Citation: Krysik K,
Lyssek-Boron A, Janiszewska-Bil D, Wylegala E, Dobrowolski D. Impact of
ultrasound and optical biometry on refractive outcomes of cataract surgery
after penetrating keratoplasty in keratoconus. Int J Ophthalmol
2019;12(6):949-953
DOI:10.18240/ijo.2019.06.11
·Clinical Research·
Impact of ultrasound and optical biometry on refractive
outcomes of cataract surgery after penetrating keratoplasty in keratoconus
Katarzyna
Krysik1, Anita Lyssek-Boron1, Dominika Janiszewska-Bil1,2,
Edward Wylegala2,3,4, Dariusz Dobrowolski1,2,3
1Department of Ophthalmology with
Pediatric Unit, St. Barbara Hospital, Trauma Centre, Sosnowiec 41-200, Poland
2Department of Ophthalmology,
District Railway Hospital, Katowice 40-760, Poland
3Chair and Clinical Department of
Ophthalmology, School of Medicine with the Division of Dentistry in Zabrze,
Medical University of Silesia in Katowice, Katowice 40-760, Poland
4Hebei Provincial Eye Hospital,
Xingtai 054001, Hebei
Province, China
Correspondence to: Dariusz
Dobrowolski. Chair and
Clinical Department of Ophthalmology, School of Medicine with the Division of
Dentistry in Zabrze, Medical University of Silesia, District Railway Hospital,
Panewnicka 65 str., Katowice 40760, Poland.
dardobmd@wp.pl
Received:
Abstract
AIM: To
analyse the impact of ultrasound and optical intraocular lens (IOL) calculation
methods on refractive outcomes of cataract phacoemulsification performed after
penetrating keratoplasty (PK) in keratoconus.
METHODS:
Phacoemulsification cataract surgery was performed on 42 eyes of 34 patients
with keratoconus who had previously undergone PK. The IOL power was determined
by using both standard and corneal topography-derived keratometry using the
SRK/T formula. We used two independent methods-ultrasound
biometry (UB) and
interferometry [optical
biometry (OB)] for IOL
calculation. The analysed data from medical records included demographics,
medical history, best corrected visual acuity (BCVA) on Snellen
charts, technique of IOL calculation and calculation formula and its impact on
final refractive result.
RESULTS: BCVA
ranged from 0.01 to 0.4 (mean 0.09±0.19) before surgery and ranged
from 0.2 to 0.7 (mean 0.38±0.14) at 1mo and from 0.2 to 1.0 (mean 0.56±0.16) (P<0.05)

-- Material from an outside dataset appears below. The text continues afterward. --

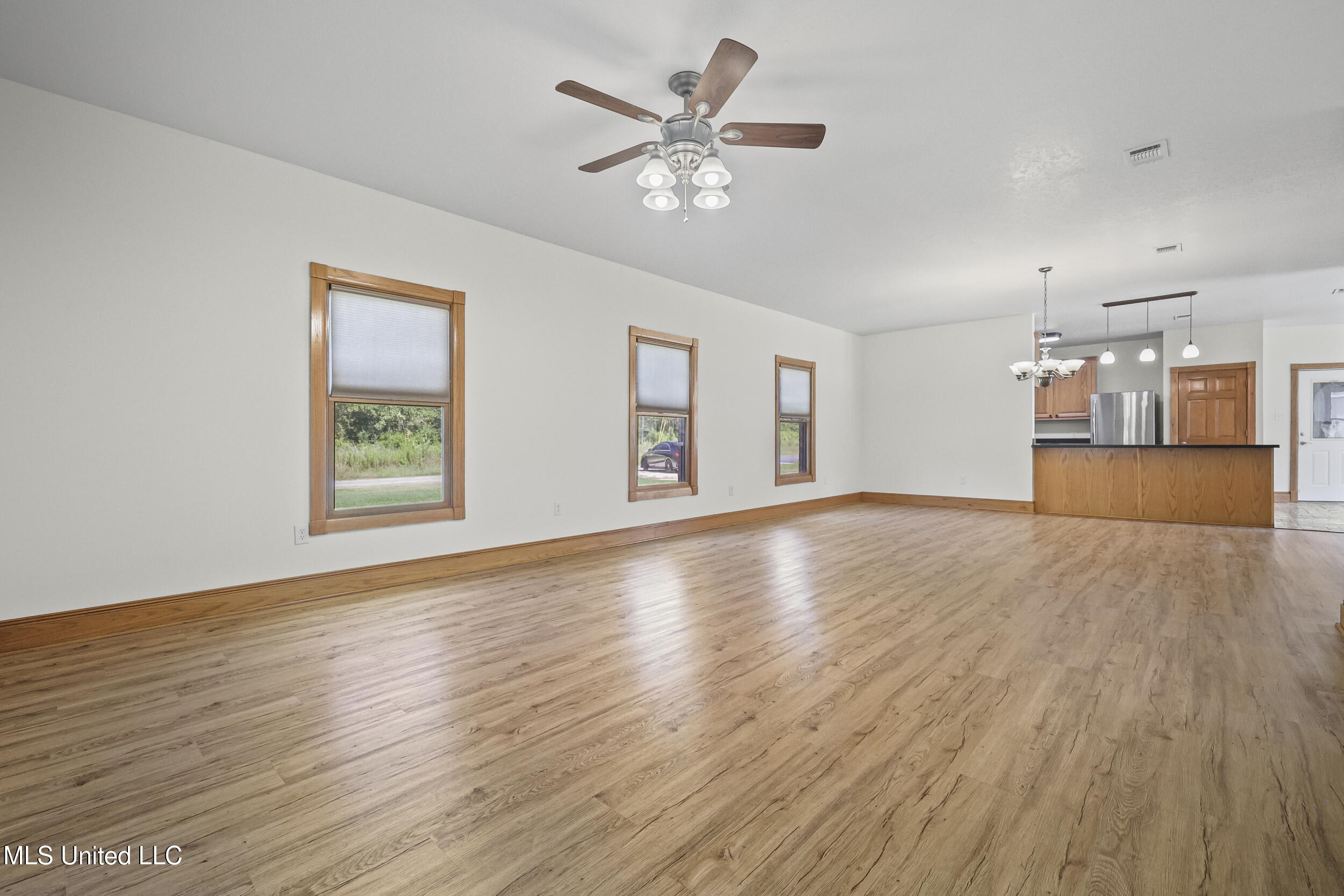 15301 Parker Road Biloxi, MS 39532 - Photo 20 of 67 FAMILY AREA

at 3mo, postoperatively. The refractive aim differed significantly from the
refractive outcome in both the UB and OB groups (P<0.05). There was no statistically significant
difference in the accuracy of the two biometry methods.
CONCLUSION:
The refractive aim in keratoconus eyes post-PK is
not achieved with either ultrasound or OB.
KEYWORDS: ultrasound
biometry; optical biometry; cataract surgery; penetrating keratoplasty;
keratoconus
DOI:10.18240/ijo.2019.06.11
Citation: Krysik K, Lyssek-Boron A, Janiszewska-Bil D, Wylegala E,
Dobrowolski D. Impact of ultrasound and optical biometry on refractive outcomes
of cataract surgery after penetrating keratoplasty in keratoconus. Int J
Ophthalmol 2019;12(6):949-953
Outline
Keratoconus is an ectatic non-inflammatory corneal
disorder characterized by central or paracentral thinning and protrusion of the
cornea, resulting in irregular astigmatism[1].
This condition is usually bilateral and diagnosed in the second or third decade
of life[2]. Because of its progressive character, correction
of the variable refractive error and irreversible scarring of the corneal
tissue often demand lamellar or penetrating keratoplasty (PK) as refractive
treatment. PK for advanced keratoconus remains the surgery of choice, but the
type of keratoplasty depends on the corneal structure, the individual patient’s
needs and the surgeon’s experience[3]. In eyes
without stromal scars, the lamellar approach is a method of choice.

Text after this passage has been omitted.